In many ways, this past Wednesday was the most disturbing, disgusting and discouraging day since coalition forces began their occupation of Iraq.

Though you can never grow “accustomed” to the killings of American troops by improvised bombs planted by roadsides or the wholesale murders of Iraqis by car bombs driven into crowds, at least we had seen the aftermaths of enough of them on the evening news to have achieved a grim kind of numbness in that regard.

But the nation experienced a whole new level of outrage at midweek with the publishing and airing of unspeakable images of a vicious mob killing four American civilian security men, burning them, dragging them through the streets, and hanging their grotesquely charred bodies from a bridge.

All this went on for hours. But the mood in the city of Fallujah was so out-of-control that neither Iraqi police nor U.S. troops dared venture in to try and stop the savagery. Americans everywhere were enraged. But such is the sense of division and frustration in this country that there was little agreement on who to be mad at. The anger flowed into at least three distinct channels.

Some people, in a familiar shoot-the-messenger reaction, blamed the media for showing the pictures. In a letter in today’s issue of The Pilot. Tom Panek of Pinehurst blasted The News & Observer of Raleigh for putting a photo of the strung-up remains on page 8A. (The Charlotte Observer provoked even more of a firestorm by playing a similar image at the top of its front page.)

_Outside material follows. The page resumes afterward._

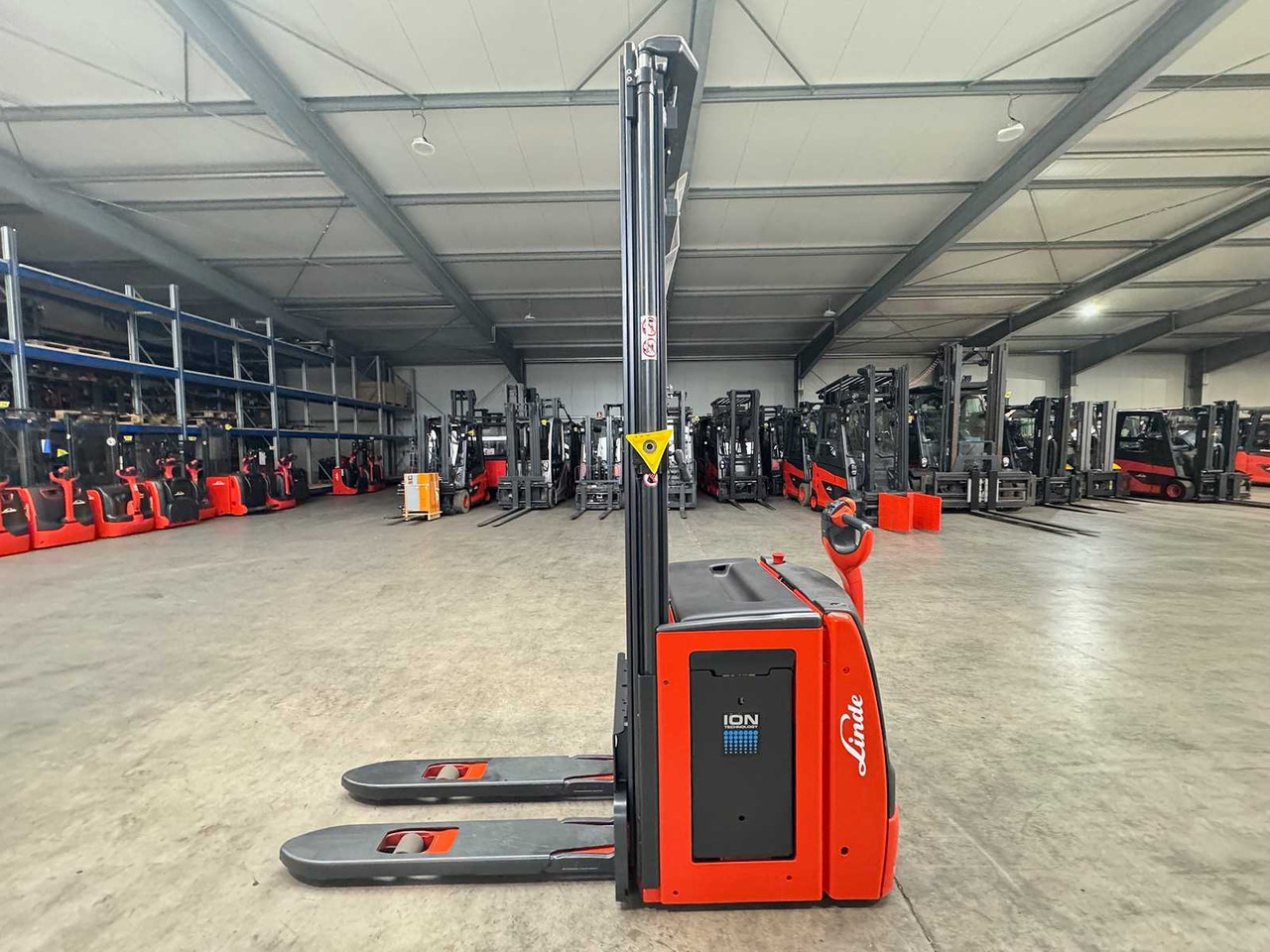 2018 SERVICE +UVV 09/2026 LINDE L14 LITHIUM LI-ION 1.400KG PALLET TRUCK ANT 2.300 HOURS - Empilhador: foto 2 2018 SERVICE +UVV 09/2026 LINDE L14 LITHIUM LI-ION 1.400KG PALLET TRUCK ANT 2.300 HOURS - Empilhador: foto 2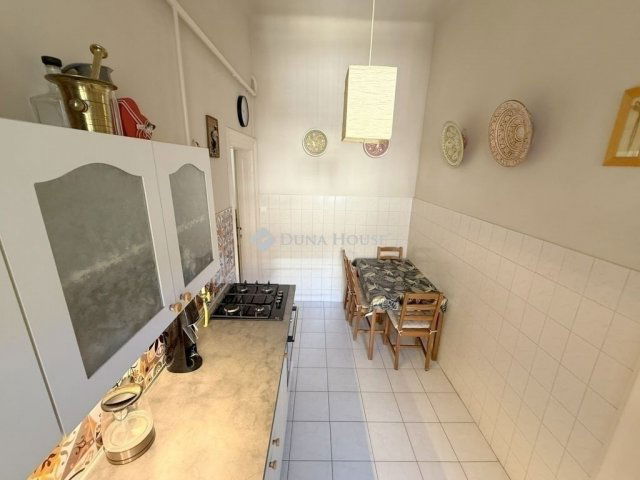 Eladó téglalakás, Budapesten, VIII. kerületben 89.9 M Ft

Still other people blamed the Bush administration for setting loose the wolves of war and anarchy in the first place.

Most people, of course, blamed the perpetrators of these hideous acts themselves. U.S. officials vowed to bring the guilty “ghouls” to justice. The only problem with that, of course, is that there were dozens of them running amok. Rather than a terrorist plot whose leaders could be surgically eliminated, it seemed more a spontaneous outburst of group hatred. Punishing the whole city militarily would hardly improve that mood.

More than one Moore County person was heard to say something like, “We ought to just get out of there and let those people stew in their own juices.” The problem with that, of course, is that we were the ones who set the juices to flowing by removing Saddam Hussein’s’ despicable government, whose terror regime was the only thing holding the country’s seethingly disparate ethnic elements together. Abruptly departing and letting them sink into civil war hardly seems a fair or prudent course.

Now that we’re in, we have to stay the course until the situation can somehow be stabilized. But if anyone still harbored any hopes that the coalition forces could meet their deadline of handing control of the country into peaceful Iraqi hands by this summer’s deadline, those hopes went up in smoke Wednesday in the hellish streets of Fallujah.

Not to mention all those fond prewar expectations of Iraqis rushing out welcome their liberators “with open arms.”